- WORK TO BE COMPLETED: For this exercise, output the entries below exactly from the line that holds "WY license plate 153425" to the line that holds "Vacuum packed dried", both ends included. No pictures belong in the copy.

- INFORMATION SUPPLIED:
__________________________________________________

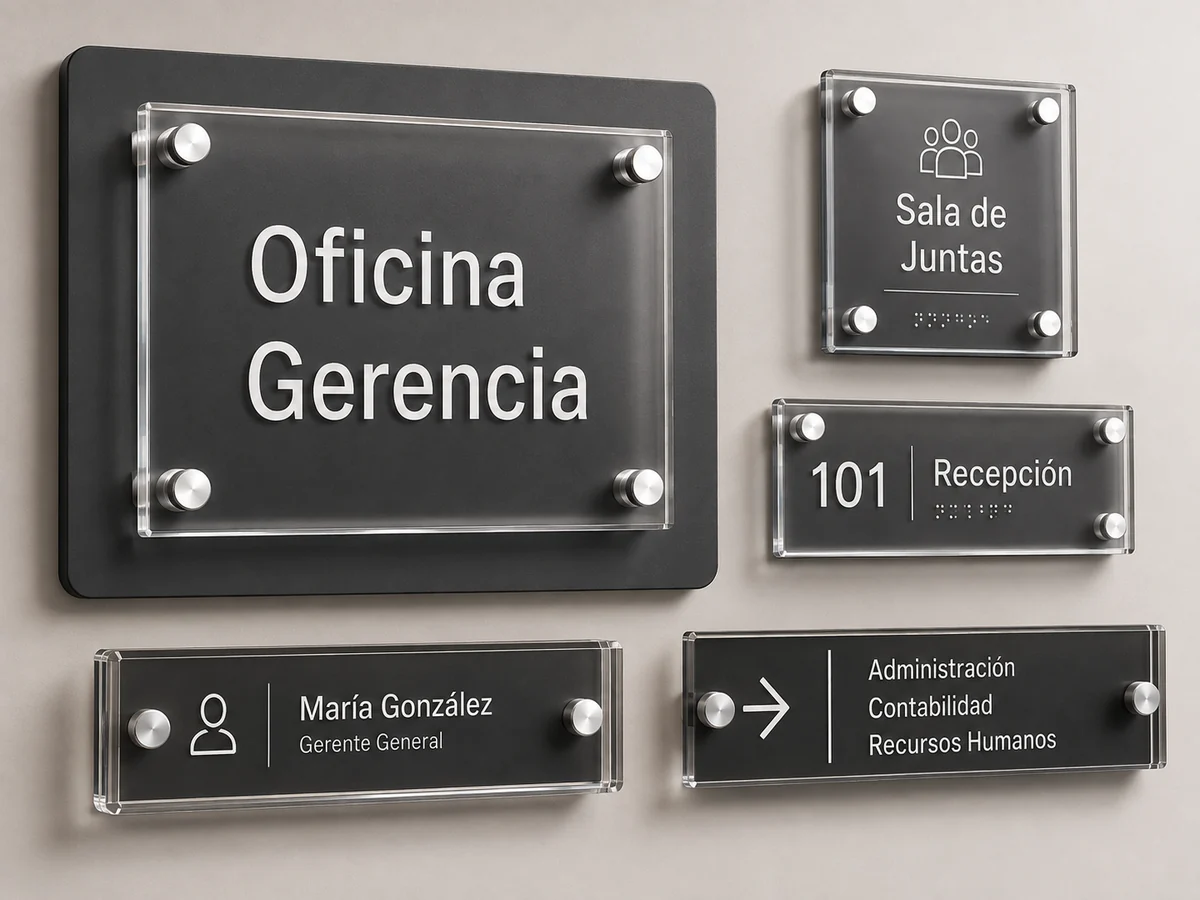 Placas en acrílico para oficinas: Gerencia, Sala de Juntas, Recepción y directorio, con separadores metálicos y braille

__________________________________________________

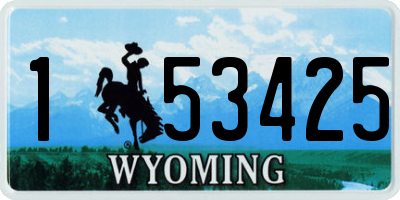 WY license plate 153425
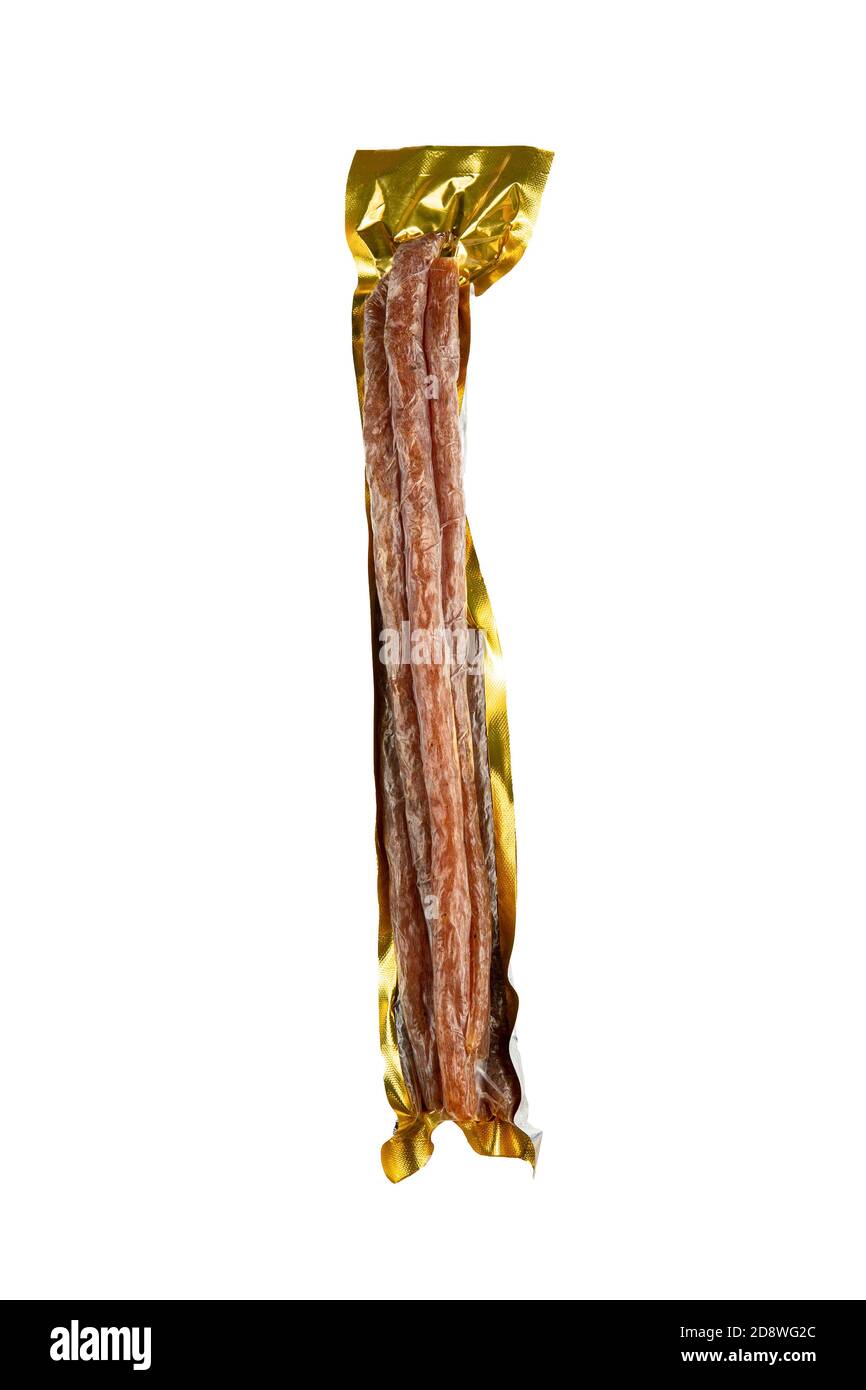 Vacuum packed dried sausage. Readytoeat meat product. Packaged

__________________________________________________

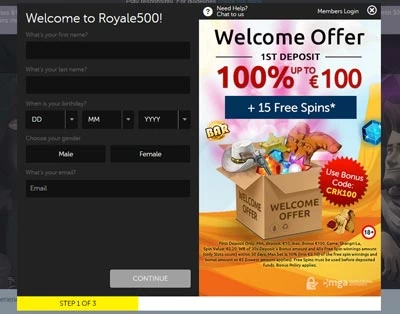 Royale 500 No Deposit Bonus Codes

__________________________________________________

- EXPECTED OUTPUT:
 WY license plate 153425
 Vacuum packed dried sausage. Readytoeat meat product. Packaged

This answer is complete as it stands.